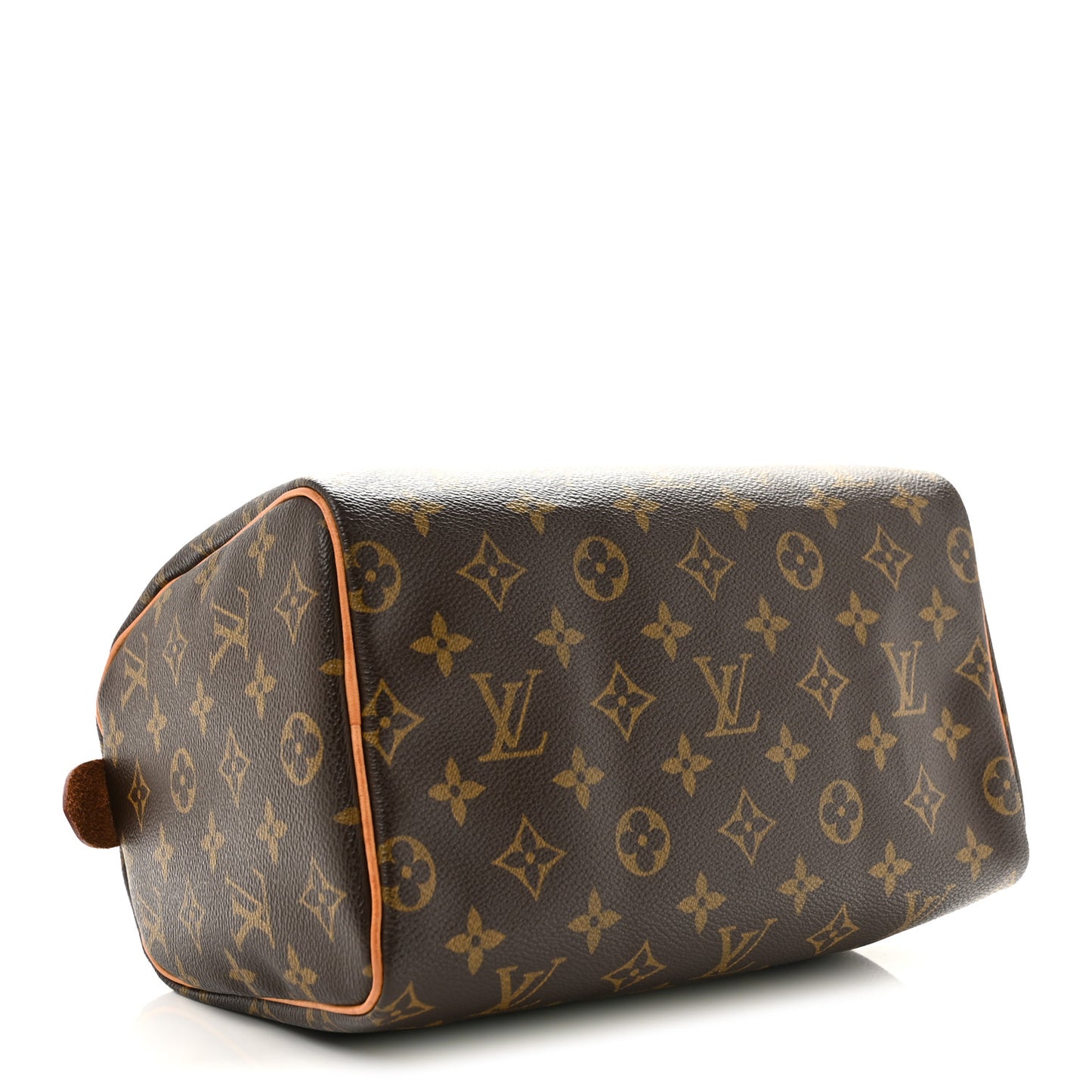 Monogram Speedy 25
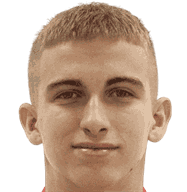 https://img.zhizhuzhibov.com.cn/img/football/player/2ac5f74a21d5a2a8742b6f2ed261aa3e.png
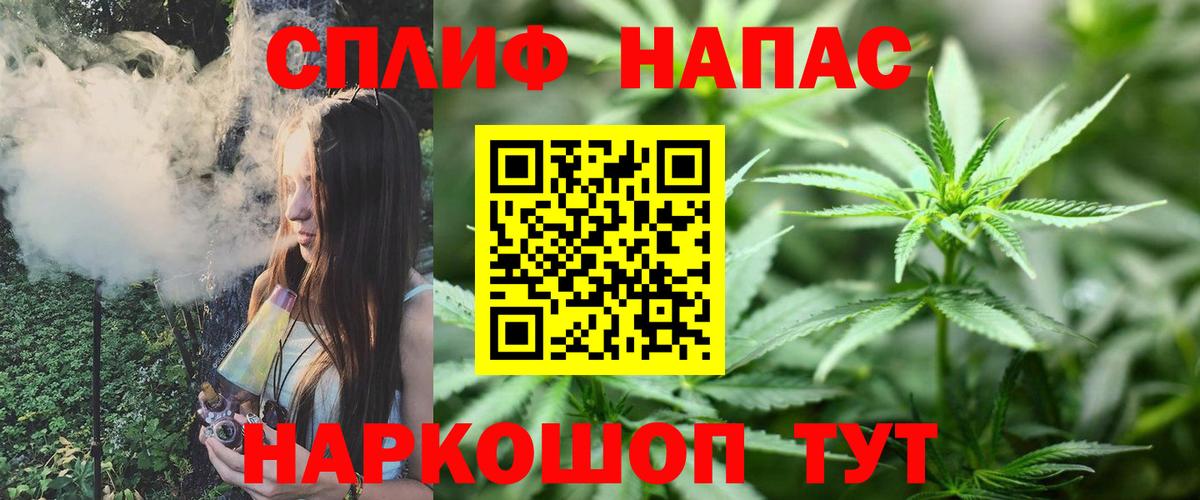Конопля индика Камень-на-Оби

» Problem to solve
Exact output of each line above is wanted, without the pictures.

» Task output
 Monogram Speedy 25
 https://img.zhizhuzhibov.com.cn/img/football/player/2ac5f74a21d5a2a8742b6f2ed261aa3e.png
Конопля индика Камень-на-Оби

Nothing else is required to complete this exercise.